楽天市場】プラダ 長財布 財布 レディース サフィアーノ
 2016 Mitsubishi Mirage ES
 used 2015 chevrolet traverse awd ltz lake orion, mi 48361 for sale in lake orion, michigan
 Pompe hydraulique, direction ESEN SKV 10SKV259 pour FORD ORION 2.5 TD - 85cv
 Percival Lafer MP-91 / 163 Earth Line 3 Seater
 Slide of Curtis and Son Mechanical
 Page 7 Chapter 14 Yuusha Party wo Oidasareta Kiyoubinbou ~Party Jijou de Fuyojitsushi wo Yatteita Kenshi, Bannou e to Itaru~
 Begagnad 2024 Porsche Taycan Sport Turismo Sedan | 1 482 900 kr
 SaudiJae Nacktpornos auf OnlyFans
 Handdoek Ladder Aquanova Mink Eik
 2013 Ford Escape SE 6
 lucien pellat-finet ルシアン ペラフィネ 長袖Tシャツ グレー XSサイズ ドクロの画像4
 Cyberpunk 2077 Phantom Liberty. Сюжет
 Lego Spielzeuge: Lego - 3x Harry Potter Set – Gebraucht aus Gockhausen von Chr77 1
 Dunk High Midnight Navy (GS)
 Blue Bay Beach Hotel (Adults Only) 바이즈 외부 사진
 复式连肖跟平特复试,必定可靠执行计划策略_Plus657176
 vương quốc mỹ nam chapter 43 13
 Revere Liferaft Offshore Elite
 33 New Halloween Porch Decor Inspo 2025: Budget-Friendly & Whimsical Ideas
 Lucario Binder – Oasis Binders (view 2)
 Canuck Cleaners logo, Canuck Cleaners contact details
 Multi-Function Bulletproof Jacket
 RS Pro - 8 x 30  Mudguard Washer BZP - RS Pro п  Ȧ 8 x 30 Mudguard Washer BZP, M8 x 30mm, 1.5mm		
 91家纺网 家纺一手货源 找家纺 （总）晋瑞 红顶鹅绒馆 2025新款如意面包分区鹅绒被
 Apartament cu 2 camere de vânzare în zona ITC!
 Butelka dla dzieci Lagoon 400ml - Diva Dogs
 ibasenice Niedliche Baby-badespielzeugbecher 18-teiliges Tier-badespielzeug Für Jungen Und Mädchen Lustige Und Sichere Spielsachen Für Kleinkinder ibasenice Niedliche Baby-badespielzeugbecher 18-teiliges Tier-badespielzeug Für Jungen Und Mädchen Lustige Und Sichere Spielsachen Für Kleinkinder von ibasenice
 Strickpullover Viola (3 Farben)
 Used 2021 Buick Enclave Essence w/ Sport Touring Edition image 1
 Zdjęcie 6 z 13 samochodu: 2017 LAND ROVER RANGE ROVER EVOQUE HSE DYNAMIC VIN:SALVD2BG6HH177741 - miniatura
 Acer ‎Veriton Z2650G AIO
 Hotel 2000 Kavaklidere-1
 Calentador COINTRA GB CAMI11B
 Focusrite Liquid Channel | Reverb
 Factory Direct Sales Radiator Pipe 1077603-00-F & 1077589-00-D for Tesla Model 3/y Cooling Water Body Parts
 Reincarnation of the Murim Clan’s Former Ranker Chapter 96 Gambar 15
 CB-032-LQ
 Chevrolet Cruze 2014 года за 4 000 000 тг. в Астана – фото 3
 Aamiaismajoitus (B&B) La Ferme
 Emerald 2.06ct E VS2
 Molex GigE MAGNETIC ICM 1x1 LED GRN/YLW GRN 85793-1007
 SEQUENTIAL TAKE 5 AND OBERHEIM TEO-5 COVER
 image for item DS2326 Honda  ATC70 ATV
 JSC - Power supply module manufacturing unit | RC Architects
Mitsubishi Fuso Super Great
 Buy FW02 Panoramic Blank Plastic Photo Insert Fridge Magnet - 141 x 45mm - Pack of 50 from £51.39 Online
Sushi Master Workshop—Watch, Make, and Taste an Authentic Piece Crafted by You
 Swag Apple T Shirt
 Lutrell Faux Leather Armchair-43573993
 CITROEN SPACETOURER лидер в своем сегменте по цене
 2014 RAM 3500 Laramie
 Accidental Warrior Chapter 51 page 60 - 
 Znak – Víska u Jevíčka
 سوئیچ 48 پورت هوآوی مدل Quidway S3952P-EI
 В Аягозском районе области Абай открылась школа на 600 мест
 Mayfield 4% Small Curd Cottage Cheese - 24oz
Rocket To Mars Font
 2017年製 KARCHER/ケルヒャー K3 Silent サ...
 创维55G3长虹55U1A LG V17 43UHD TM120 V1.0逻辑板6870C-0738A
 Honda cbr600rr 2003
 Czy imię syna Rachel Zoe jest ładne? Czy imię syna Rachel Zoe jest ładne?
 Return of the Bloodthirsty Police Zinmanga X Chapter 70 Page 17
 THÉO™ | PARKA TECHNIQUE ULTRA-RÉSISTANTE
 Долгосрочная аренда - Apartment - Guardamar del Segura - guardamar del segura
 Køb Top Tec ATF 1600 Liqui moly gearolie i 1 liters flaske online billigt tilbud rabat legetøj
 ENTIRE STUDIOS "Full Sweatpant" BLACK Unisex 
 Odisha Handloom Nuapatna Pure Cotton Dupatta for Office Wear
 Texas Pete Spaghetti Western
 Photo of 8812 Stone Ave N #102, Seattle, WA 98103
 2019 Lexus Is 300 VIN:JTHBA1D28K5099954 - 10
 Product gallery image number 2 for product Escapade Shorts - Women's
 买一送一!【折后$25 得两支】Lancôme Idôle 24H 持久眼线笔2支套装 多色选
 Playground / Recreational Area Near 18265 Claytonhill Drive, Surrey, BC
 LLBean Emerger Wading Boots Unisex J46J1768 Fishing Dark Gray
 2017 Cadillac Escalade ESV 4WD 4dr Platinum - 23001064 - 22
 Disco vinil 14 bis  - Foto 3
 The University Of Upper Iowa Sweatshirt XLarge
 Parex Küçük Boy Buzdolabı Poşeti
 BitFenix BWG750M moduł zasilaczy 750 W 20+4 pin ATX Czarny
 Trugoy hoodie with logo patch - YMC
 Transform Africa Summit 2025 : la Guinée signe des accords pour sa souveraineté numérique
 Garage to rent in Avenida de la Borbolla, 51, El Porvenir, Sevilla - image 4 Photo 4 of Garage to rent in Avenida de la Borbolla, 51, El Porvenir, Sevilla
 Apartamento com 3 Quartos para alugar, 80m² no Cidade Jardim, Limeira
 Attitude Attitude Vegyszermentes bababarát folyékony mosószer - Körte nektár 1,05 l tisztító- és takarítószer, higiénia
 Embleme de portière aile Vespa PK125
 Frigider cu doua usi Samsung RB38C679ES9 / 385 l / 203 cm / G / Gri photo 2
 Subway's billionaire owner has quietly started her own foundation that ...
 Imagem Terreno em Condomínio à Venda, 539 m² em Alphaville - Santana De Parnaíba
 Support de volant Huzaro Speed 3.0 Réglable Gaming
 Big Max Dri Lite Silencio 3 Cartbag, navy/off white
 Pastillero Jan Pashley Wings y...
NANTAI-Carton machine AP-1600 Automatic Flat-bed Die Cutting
§ §
### WHAT YOU ARE ASKED TO DO
In the data above, find each line where the string "Honda" appears, then copy it.

### ANSWER TO THE PROBLEM
 image for item DS2326 Honda  ATC70 ATV
 Honda cbr600rr 2003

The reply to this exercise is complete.